*** Opening PROVIDED RECORDS ***

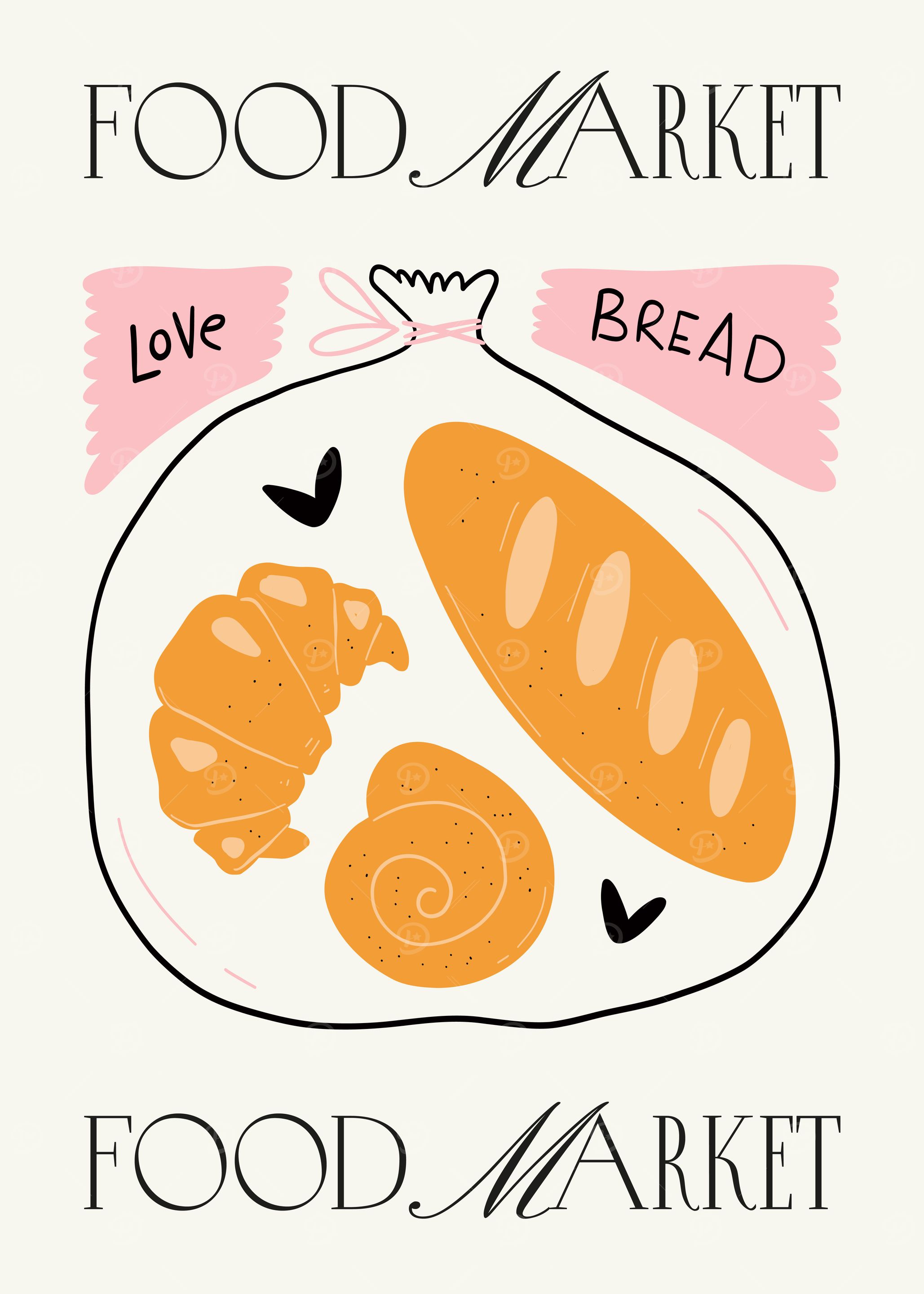 Food Market Bread Bag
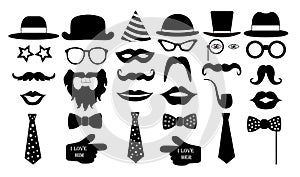 Retro party set. Glasses hats lips mustaches tie monocle icons. vector illustration. photo
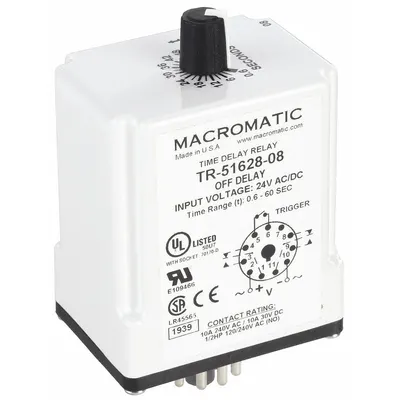 MACROMATIC Single Function Time Delay Relay: Socket Mounted, 24V AC/DC, 10 A - Socket-Mounted Relays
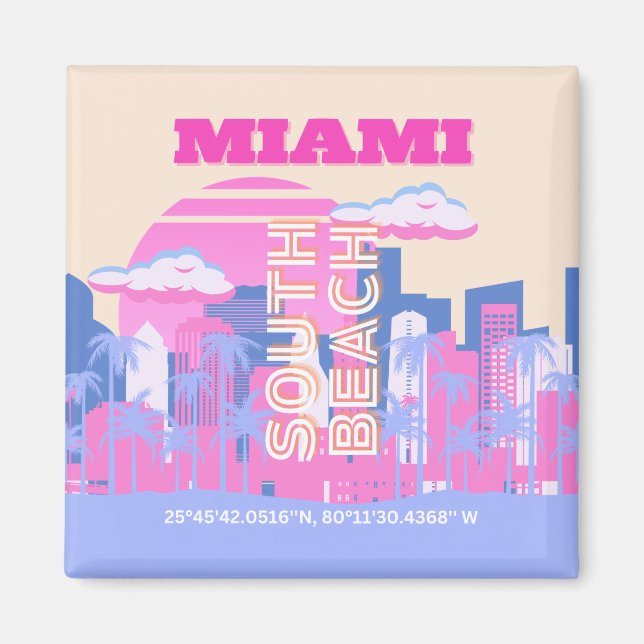 Aimant Miami Beach, Miami Travel Art, Preppy (Devant)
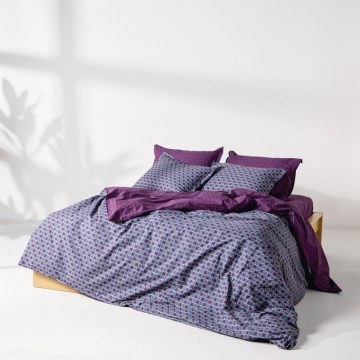 Duvet Cover Set Chaos (Set of 3) Purple-Grey Kentia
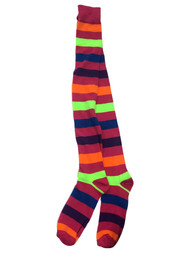 Womens Pink Green Blue Rainbow Striped Over the Knee Halloween Socks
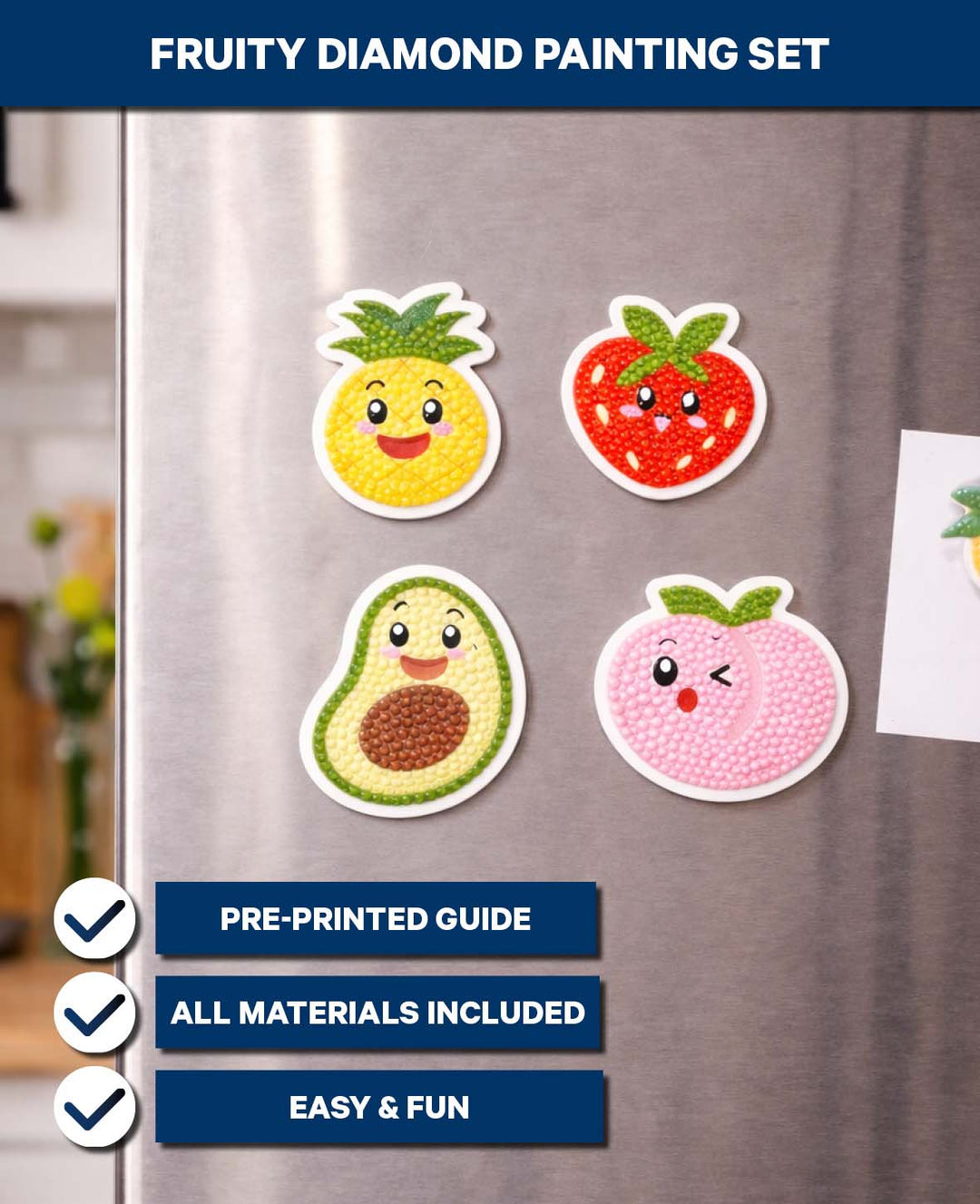 Diamond Painting Magnet Set, Fruits, 4 pcs.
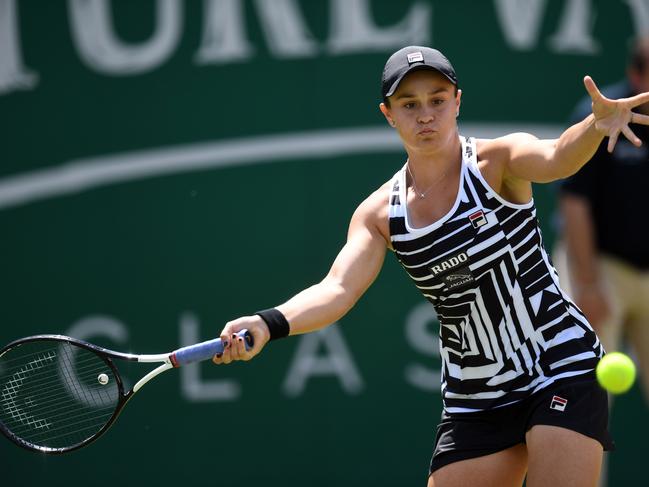 Australia's Ashleigh Barty played against Czech Republic's Barbora Strycova in their women's singles semi-final tennis match. Picture: AFP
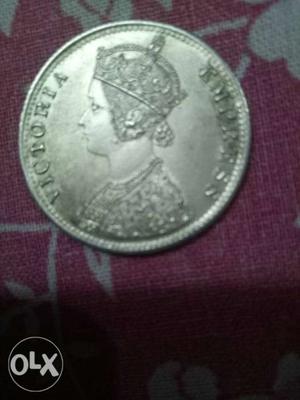 Queen Victoria Silver plated old coin Year 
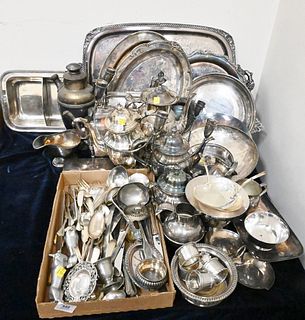 Large Group of Silver Plate, to include teapot, trays, serving pieces, flatware, etc.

*** Closing PROVIDED RECORDS ***

> **PROMPT**
Look back at the data above, then output exactly the lines from the line holding "Aimant Miami Beach, Miami" up to and including the line holding "Queen Victoria Silver plated old coin Year". Leave out the pictures.

> **ANSWER FOR THIS EXERCISE**
 Aimant Miami Beach, Miami Travel Art, Preppy (Devant)
 Duvet Cover Set Chaos (Set of 3) Purple-Grey Kentia
 Womens Pink Green Blue Rainbow Striped Over the Knee Halloween Socks
 Diamond Painting Magnet Set, Fruits, 4 pcs.
 Australia's Ashleigh Barty played against Czech Republic's Barbora Strycova in their women's singles semi-final tennis match. Picture: AFP
 Queen Victoria Silver plated old coin Year 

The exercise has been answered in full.